Dogwoods are blooming up here, and that screams crappie time!


----------



## FishWalton (Jul 22, 2010)

Yep, dogwoods are a good sign the god's will be smiling on fishing real soon. 

On posting I think it's good to see a full range of what's going on. Gives one a feel for the real world rather than just the good big catch days.


----------



## DMC (Nov 28, 2010)

Bodupp said:


> I reckon you could call me and my fishing buddy "fair weather fishermen". It has been a little chilly for us lately up here in the north country, and now that it's warming up, we're afraid of getting wet with 70-100 percent rain in the forecast.
> 
> We did get out to the hunting camp last week and fished a little one acre pond for about an hour. We caught 8 bass up to about 3#, getting a strike on just about every cast using a red Zoom lizard. Didn't post a report because it felt like cheating in such a small pond.
> 
> ...



I'm with you on the fair weather. I've worked out side so much in bad weather and don't have to anymore. If I get wet or cold it's my fault.


----------



## FishWalton (Jul 22, 2010)

Went to the river this afternoon. Watched radar and figured the rain storm would pass by the time I got to where I was going. Wrong! Sat in truck for 1 1/2 hrs waiting for on again off again rain to finally stop. It didn't! Never launched the boat. Rain was not hard, but enough to discourage me. Ten years ago I would have put on rain gear and went anyway since it really was not all that bad. All I did was get out of the house and that part was good.


----------



## billyb (Aug 22, 2012)

A while back I mentioned the daughter getting a German Shepherd puppy. Well then she decided we needed a fence. Then my wife wanted the carport closed in to make a garage. Now my Dad wants a garden. Probably his last so I couldn't say no. May get to fish some in April.


----------



## FishWalton (Jul 22, 2010)

billyb said:


> A while back I mentioned the daughter getting a German Shepherd puppy. Well then she decided we needed a fence. Then my wife wanted the carport closed in to make a garage. Now my Dad wants a garden. Probably his last so I couldn't say no. May get to fish some in April.

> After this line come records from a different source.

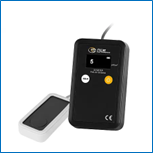 PCE-UVA 36ES Säteilyilmaisin UV-A-säteilyn havaitsemiseen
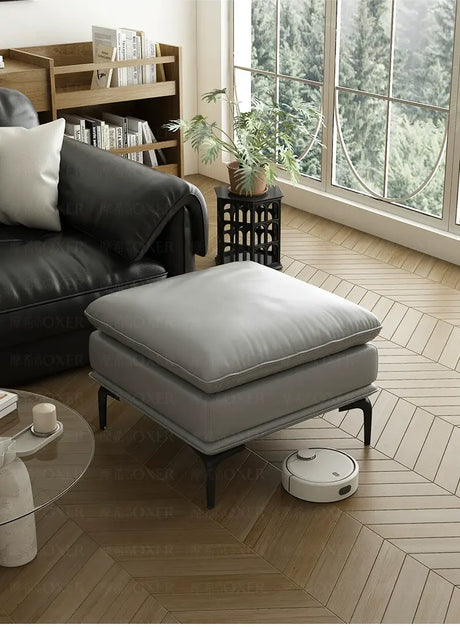 MOXER Alhambra Elegant Light Luxury Footstool from MOXER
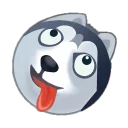 🙃 火腿肠和他的朋友们, sticker Telegram 22 sur 99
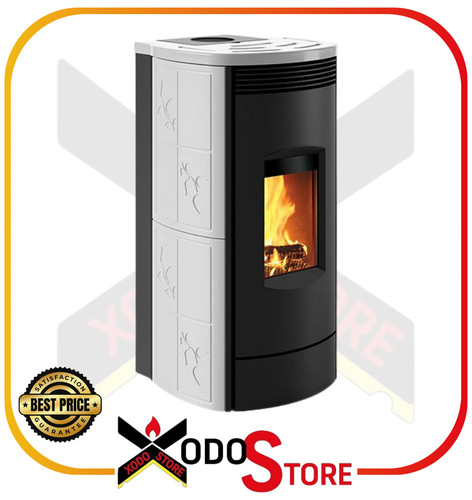 Termostufa legna stelle - 5,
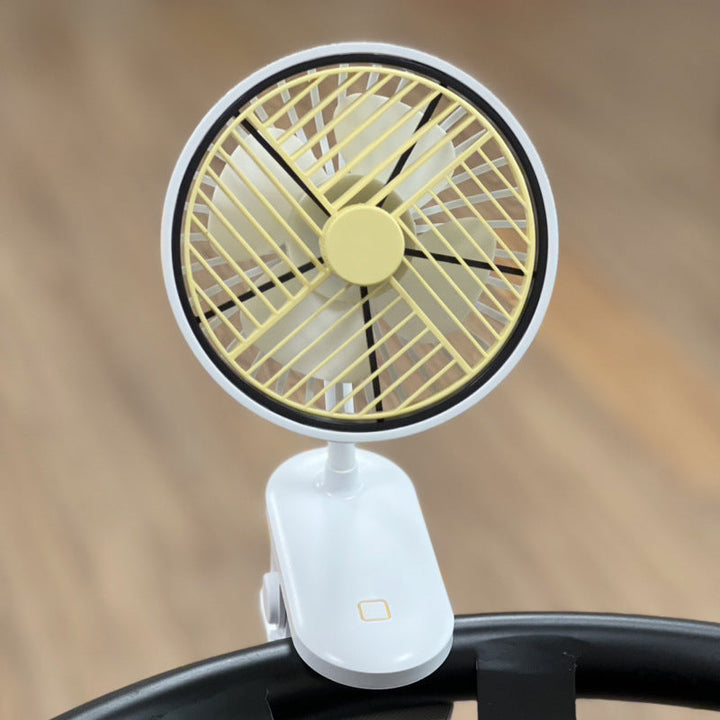 Women Portable Table Fan Kalsten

Being a good handyman has it's rewards. First things first.....family. In the meantime a few of us old geezers will keep you entertained with fishing stories for the time being.


----------



## billyb (Aug 22, 2012)

I knew nothing about building a wood fence or building a studded wall. Thanks to you tube and the local building supply I am getting it done. Let's not forget the neighbor who let me borrow tools. I didn't even own a level.


----------



## FishWalton (Jul 22, 2010)

billyb said:


> I knew nothing about building a wood fence or building a studded wall. Thanks to you tube and the local building supply I am getting it done. Let's not forget the neighbor who let me borrow tools. I didn't even own a level.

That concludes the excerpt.